TASK DESCRIPTION:
Reproduce the data below exactly as written. Pictures do not belong in the copy.

DATA EXTRACT:

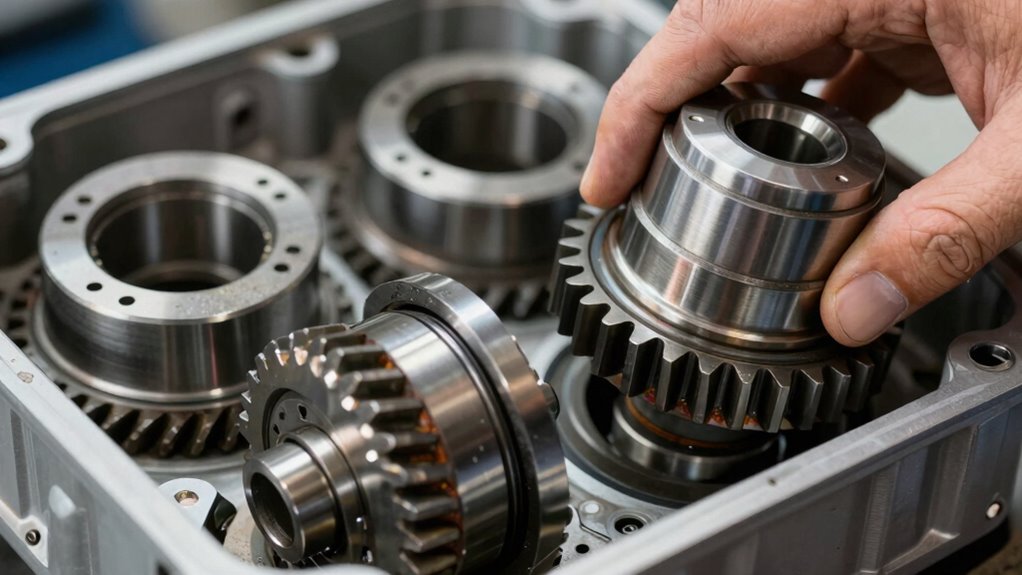 inspect synchronizer teeth wear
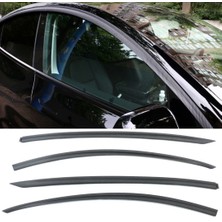 Ramm Tesla Model Y Cam Rüzgarlığı - Karbon Kaplama - 4 Adet Set - Mat Siyah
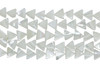 White Sea Shell Polished 12mm Triangle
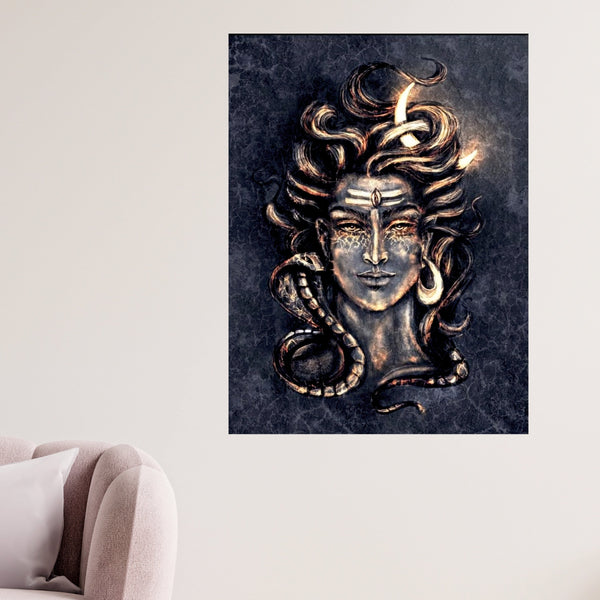 Shiva - Wall Painting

SOLUTION TO THIS PROBLEM:
 inspect synchronizer teeth wear
 Ramm Tesla Model Y Cam Rüzgarlığı - Karbon Kaplama - 4 Adet Set - Mat Siyah
 White Sea Shell Polished 12mm Triangle
 Shiva - Wall Painting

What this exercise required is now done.